Of course, this confession was long forgotten. Relegated to a deep recess of my memory, until recently, when I, the accidental teacher, stumbled upon the very same realization. And from that crevice of my mind’s labyrinth, these words from my own teachers, revealed themselves.
Teaching has been a cathartic rebirth for me. For someone who was firmly set in a media career, doing well, then became disenchanted and decided to shift tracks, unsure of what the alternative would be; I’d go so far as to say that teaching has fulfilled me, completed me, in a way that perhaps not even music could (my first love that never quite materialised). My fortuitous foray into the world of teaching has reacquainted me with myself. It has given me purpose, pride, and ignited a passion that probably always existed, only it was dormant.

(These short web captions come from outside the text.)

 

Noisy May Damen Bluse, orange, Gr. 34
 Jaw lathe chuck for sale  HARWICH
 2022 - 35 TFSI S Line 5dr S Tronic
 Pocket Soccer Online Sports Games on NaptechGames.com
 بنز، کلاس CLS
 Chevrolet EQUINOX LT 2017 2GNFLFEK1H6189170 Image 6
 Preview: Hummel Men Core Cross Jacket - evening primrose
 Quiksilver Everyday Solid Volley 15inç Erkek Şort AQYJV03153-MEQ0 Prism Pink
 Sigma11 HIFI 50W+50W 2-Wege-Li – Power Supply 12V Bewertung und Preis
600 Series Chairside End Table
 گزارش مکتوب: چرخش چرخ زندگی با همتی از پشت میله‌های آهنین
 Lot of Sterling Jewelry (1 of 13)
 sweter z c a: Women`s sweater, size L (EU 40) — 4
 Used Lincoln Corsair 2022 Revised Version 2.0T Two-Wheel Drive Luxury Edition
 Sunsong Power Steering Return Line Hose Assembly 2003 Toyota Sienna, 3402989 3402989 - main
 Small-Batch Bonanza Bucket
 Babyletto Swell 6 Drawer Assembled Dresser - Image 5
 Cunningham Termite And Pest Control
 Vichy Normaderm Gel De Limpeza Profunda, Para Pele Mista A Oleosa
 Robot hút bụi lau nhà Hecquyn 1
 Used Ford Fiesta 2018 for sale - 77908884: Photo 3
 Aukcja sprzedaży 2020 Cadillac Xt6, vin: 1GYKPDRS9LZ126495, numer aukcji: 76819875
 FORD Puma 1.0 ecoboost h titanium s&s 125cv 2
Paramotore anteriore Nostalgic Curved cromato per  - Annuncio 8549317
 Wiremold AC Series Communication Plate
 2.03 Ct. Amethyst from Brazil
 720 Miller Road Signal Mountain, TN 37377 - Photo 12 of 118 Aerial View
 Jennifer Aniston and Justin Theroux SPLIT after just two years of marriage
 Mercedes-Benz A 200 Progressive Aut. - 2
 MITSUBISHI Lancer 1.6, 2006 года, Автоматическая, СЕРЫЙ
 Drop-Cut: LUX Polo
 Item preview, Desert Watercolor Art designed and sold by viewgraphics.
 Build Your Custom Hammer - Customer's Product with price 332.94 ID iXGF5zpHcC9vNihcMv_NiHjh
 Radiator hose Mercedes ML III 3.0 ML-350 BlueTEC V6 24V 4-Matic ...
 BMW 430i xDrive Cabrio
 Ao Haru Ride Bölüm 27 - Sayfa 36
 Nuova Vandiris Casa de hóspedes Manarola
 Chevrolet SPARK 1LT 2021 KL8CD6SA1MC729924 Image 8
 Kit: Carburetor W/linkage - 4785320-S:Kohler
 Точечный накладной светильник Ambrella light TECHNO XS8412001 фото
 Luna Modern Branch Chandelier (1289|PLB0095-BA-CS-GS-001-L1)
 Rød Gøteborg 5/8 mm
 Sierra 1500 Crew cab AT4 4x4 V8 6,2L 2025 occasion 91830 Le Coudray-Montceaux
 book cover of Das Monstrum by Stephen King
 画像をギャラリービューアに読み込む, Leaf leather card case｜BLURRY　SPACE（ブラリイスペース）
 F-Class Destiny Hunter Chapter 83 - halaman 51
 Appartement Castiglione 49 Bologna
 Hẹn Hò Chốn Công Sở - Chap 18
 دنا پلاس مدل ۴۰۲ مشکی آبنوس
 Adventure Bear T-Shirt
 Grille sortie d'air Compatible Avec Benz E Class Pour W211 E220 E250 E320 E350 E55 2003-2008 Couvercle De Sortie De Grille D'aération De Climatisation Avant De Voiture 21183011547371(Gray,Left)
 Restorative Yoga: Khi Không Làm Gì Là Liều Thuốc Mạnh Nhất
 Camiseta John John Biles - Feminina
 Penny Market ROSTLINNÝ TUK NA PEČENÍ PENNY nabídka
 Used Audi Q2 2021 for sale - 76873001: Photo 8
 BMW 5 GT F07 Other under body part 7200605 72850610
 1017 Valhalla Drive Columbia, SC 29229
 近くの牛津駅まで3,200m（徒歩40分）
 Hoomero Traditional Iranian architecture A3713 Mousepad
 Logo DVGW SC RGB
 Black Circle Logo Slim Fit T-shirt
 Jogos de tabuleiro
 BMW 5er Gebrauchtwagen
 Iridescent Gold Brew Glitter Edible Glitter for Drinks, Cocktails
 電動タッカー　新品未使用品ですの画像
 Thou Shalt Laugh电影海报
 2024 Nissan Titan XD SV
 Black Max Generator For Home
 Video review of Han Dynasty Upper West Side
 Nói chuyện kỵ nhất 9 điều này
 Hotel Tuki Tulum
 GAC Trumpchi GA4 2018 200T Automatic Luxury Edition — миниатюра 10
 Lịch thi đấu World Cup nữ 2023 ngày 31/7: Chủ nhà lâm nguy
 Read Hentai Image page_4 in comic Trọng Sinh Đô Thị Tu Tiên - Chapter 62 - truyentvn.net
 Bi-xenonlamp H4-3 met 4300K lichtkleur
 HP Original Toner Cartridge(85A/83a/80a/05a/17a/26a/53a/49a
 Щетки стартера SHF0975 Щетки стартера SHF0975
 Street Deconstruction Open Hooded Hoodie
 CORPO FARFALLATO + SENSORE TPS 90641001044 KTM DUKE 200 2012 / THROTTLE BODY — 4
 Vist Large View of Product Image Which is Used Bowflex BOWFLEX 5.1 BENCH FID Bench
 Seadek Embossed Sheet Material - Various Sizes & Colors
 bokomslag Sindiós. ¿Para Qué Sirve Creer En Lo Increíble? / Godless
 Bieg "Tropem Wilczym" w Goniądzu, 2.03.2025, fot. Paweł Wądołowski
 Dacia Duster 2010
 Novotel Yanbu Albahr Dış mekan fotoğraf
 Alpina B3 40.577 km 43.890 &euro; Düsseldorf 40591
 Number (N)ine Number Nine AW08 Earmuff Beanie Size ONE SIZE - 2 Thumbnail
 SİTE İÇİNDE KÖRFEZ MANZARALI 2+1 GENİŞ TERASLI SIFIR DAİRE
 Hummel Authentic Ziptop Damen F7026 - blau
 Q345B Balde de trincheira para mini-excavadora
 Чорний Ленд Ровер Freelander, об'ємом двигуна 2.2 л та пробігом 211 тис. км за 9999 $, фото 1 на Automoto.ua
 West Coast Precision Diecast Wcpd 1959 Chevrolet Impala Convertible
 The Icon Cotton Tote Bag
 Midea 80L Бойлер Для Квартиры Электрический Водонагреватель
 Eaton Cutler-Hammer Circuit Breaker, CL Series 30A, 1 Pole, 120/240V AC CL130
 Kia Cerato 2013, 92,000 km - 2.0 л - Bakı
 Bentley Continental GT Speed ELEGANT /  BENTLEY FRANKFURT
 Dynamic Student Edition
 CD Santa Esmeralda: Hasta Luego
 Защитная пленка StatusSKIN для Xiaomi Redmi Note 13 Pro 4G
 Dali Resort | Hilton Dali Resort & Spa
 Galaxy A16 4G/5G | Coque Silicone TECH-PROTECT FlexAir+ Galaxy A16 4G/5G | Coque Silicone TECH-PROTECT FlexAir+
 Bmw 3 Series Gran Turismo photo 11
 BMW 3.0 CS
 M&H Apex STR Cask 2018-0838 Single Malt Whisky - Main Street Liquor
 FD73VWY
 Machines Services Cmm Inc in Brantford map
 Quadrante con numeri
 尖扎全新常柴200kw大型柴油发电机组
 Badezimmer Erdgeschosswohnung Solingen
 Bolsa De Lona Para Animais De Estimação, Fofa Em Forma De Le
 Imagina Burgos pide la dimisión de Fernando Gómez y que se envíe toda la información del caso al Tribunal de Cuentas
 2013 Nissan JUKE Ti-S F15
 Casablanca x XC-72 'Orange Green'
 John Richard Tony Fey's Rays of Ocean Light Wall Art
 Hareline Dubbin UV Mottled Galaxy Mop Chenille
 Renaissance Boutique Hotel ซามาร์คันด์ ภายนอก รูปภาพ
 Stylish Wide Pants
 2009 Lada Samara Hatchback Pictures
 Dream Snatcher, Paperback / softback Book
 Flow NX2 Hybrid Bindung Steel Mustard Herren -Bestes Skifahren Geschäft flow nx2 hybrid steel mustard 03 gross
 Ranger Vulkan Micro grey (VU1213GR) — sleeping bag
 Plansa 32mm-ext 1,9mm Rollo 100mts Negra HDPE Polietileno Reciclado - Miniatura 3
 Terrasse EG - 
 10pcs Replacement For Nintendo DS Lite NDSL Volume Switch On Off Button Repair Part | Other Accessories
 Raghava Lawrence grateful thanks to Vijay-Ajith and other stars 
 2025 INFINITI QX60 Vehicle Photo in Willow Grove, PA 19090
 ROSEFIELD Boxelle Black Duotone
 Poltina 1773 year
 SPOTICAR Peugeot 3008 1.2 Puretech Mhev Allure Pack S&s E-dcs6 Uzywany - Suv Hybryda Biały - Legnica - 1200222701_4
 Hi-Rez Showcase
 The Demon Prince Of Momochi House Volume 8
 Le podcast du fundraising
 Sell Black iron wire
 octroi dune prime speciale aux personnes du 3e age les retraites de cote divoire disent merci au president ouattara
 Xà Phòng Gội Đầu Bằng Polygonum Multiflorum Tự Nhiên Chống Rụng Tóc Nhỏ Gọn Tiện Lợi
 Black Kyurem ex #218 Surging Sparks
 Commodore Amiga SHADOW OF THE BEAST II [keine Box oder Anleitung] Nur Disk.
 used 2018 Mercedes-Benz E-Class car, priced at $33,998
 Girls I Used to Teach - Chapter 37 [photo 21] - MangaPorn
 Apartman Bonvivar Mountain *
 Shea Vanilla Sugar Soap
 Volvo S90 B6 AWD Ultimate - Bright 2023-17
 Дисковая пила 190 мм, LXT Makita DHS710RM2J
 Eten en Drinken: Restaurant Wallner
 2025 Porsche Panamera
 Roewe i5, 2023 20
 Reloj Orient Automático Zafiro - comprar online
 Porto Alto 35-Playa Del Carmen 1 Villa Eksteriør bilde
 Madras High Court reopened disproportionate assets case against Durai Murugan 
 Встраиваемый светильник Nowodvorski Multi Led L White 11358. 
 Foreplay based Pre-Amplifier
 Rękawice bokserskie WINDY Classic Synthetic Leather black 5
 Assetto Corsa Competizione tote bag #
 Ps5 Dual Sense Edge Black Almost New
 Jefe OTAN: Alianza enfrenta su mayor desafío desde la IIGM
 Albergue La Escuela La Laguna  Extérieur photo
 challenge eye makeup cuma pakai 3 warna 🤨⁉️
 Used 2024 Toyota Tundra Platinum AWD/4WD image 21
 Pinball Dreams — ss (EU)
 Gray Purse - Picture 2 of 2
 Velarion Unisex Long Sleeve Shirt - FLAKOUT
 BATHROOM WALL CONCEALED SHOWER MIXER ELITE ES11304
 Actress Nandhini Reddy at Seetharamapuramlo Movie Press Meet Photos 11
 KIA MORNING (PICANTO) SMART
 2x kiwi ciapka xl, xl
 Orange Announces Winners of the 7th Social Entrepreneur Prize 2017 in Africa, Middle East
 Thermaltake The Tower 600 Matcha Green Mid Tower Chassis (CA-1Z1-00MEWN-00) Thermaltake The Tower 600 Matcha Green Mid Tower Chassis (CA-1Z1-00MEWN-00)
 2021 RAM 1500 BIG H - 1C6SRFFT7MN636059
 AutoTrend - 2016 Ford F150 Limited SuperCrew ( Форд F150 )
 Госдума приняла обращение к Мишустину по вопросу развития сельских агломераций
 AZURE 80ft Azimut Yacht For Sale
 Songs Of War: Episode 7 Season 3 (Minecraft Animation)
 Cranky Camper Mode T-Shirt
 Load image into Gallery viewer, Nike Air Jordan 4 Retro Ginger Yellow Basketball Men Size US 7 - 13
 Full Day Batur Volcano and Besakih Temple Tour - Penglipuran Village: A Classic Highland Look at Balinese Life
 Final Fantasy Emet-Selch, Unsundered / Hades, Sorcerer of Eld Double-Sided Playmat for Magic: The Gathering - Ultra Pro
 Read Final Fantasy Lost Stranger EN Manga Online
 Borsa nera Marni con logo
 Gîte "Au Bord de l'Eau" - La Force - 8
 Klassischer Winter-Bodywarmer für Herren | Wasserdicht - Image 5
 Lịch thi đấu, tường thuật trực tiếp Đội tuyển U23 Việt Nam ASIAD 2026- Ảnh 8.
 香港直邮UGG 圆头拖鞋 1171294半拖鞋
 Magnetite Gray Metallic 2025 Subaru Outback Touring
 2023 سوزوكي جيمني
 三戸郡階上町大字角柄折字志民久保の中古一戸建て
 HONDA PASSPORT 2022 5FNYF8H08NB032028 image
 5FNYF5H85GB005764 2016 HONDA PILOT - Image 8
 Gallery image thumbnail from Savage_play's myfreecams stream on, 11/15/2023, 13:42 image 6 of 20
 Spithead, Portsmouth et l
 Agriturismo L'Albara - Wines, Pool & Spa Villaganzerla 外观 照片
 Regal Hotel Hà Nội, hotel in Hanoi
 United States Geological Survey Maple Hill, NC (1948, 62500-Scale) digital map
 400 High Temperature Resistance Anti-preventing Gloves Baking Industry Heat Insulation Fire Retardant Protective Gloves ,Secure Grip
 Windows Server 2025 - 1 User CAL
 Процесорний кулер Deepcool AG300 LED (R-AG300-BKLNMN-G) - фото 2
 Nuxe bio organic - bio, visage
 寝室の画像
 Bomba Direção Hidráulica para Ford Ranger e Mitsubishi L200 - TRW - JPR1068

That I have no formal education that qualifies me to teach, a fact sometimes held against me, I feel is my biggest advantage. It does not colour my approach to my work. In fact, I hardly perceive it as work in the first place. No training, no career-long teaching experience, are facts that have, in fact, granted me a great sense of freedom and liberty. My interaction with my students is spontaneous, freewheeling, spirited. In turn, their’s with me is uninhibited, uncensored, unfiltered. The way I plan, and un-plan my workshops and lessons benefits from a similarly open and experimental ethos. There is a destination but how my students and I reach it is random, interactive and, on occasion, emancipating!
I have come to realize that to be an effective teacher and an inspiring mentor, the person can not feel or act ‘above’. That there MUST be a genuine openness to learn with each encounter, each interaction. That students in fact, in many cases, teach the teacher more, than the teacher does, them. Teaching then, is a legacy of continued learning. A process that is infinite. A pursuit that endless. A calling.